マイクロソフトが2000年3月にゲーム機市場に参入して以来、ソニーが同じ市場で競う最大のライバルとなっていたが、マイクロソフトは“第8世代”と呼ばれる2010年以降のゲーム機市場で勢いを失い、近年はクラウドゲーミングへと傾注。昨年10月にはクラウドゲーミングサービス「Project xCloud」を発表していた。
クラウドゲーミングは“ゲームストリーミング”とも言われ、クラウド側に設置されたコンピューター上でゲームを動かし、ネットを通じて手元の端末からリモート操作することで、手元に高性能なコンピューターがなくとも高精細な3D映像を駆使したゲームで遊ぶことができる。

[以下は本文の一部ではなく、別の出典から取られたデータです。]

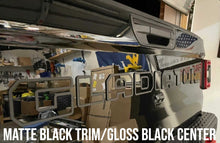 Load image into Gallery viewer, Jeep Gladiator Tailgate Badging Kit - Various Colors - 2 Piece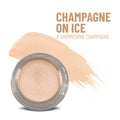 Champagne on Ice Any Wear Creme - A Waterproof Multi-tasking creme to powder product for eyes, cheeks & lips. Can be worn anywhere - RFE Marketing Ventures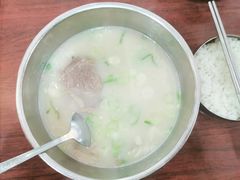 -神仙雪浓汤(明洞店)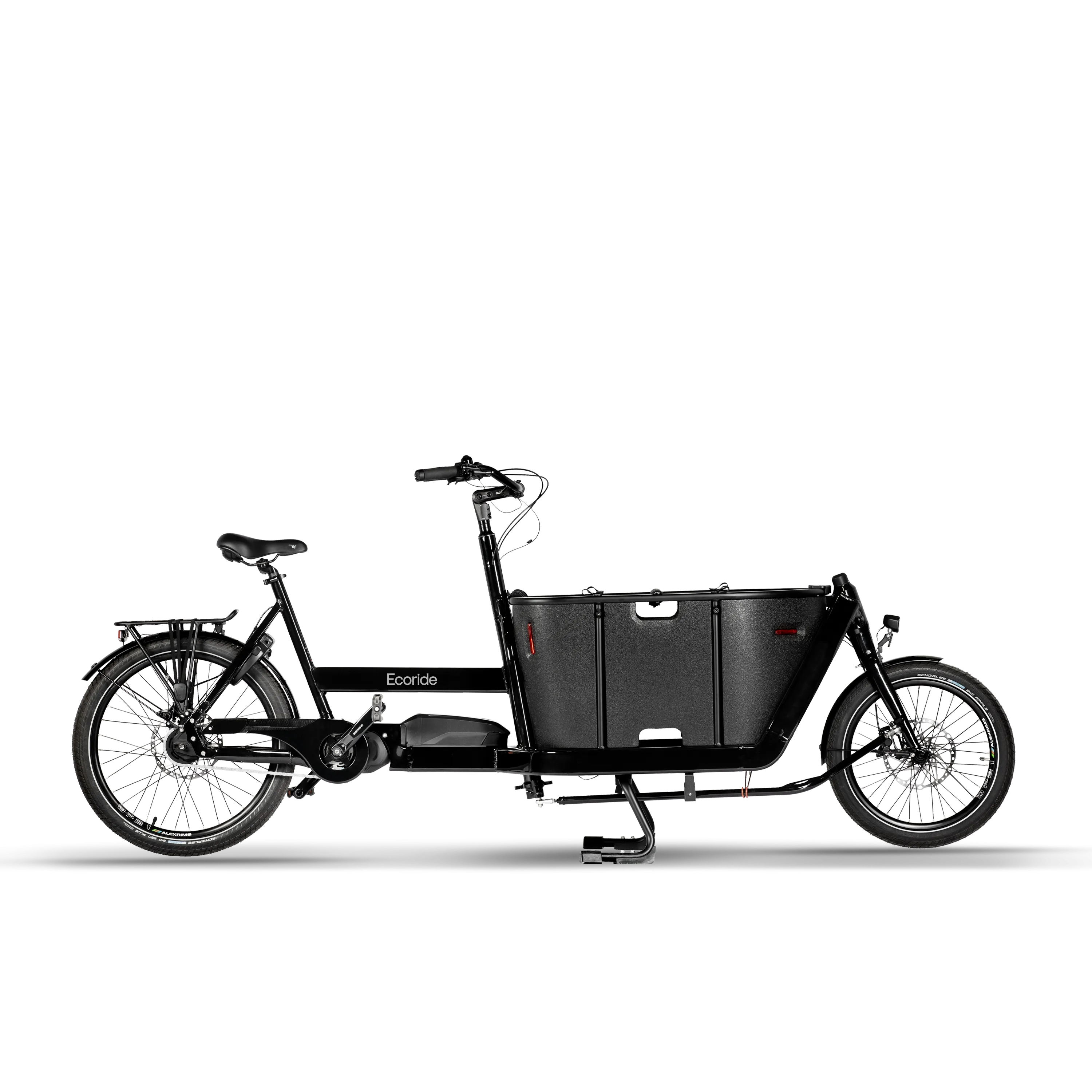 Ecoride Loader-421-midmotor-black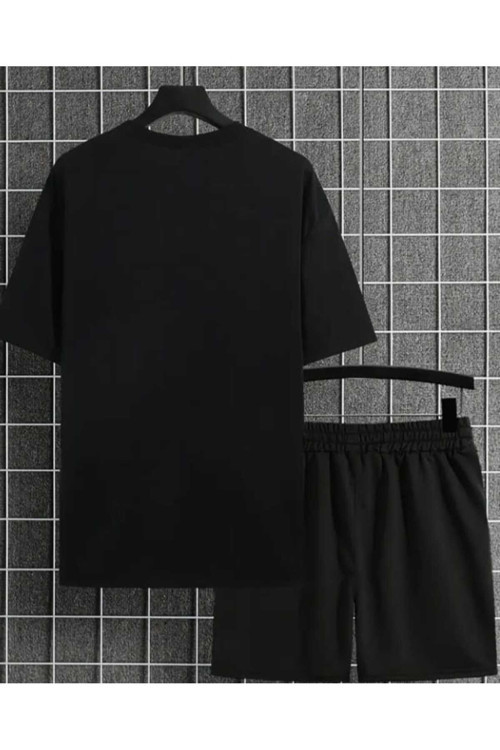 Milano Baskılı Özel Tasarım Oversize Alt Üst Takım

クラウドゲーミングは決して新しい技術ではないが、インターネット技術の進歩や通信回線の帯域向上といった環境が整ってきたうえ、一部でサービスが始まった5G技術の低遅延・広帯域を生かせる新アプリケーションとして注目されていた。
同ジャンルにはグーグルが“STADIA”というブランドで年内の参入を発表しており、任天堂もスイッチ向けにサービスを提供し始めていた。
これまでは独自ハードウェアの普及という形で競ってきた各社だが、最大のライバル関係にあったソニーとマイクロソフトの提携は、ゲーム市場が大きく動き始める“最初の一歩”にしかすぎない。
ゲーム機市場における「競争環境」の変化
今回の提携で、両社はクラウドゲーミングを提供する基盤技術を共同で開発する。プロジェクトがうまく進めば、ソニーが将来提供するクラウドゲーミングサービスはマイクロソフトのクラウドプラットフォームを使って提供されるようになるだろう。

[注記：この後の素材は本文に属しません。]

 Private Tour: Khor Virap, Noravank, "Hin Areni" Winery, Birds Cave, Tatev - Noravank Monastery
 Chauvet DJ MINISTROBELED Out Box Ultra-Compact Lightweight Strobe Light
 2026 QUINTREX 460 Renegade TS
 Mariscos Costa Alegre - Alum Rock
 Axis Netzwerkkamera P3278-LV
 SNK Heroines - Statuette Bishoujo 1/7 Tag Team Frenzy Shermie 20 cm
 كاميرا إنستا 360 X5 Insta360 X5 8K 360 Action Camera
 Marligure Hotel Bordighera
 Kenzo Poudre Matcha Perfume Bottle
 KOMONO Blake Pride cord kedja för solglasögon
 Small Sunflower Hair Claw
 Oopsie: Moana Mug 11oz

ただし、プレイステーションとXbox、2つのプラットフォームが融和するということではない。共同開発するのは、クラウドゲーミングを提供するための基盤技術であり、そのうえで提供されるサービスは各社が開発・提供するもので、ゲーム機市場やその延長線上で展開されるだろうクラウドゲーミングサービスにおけるライバル関係がなくなるわけではない。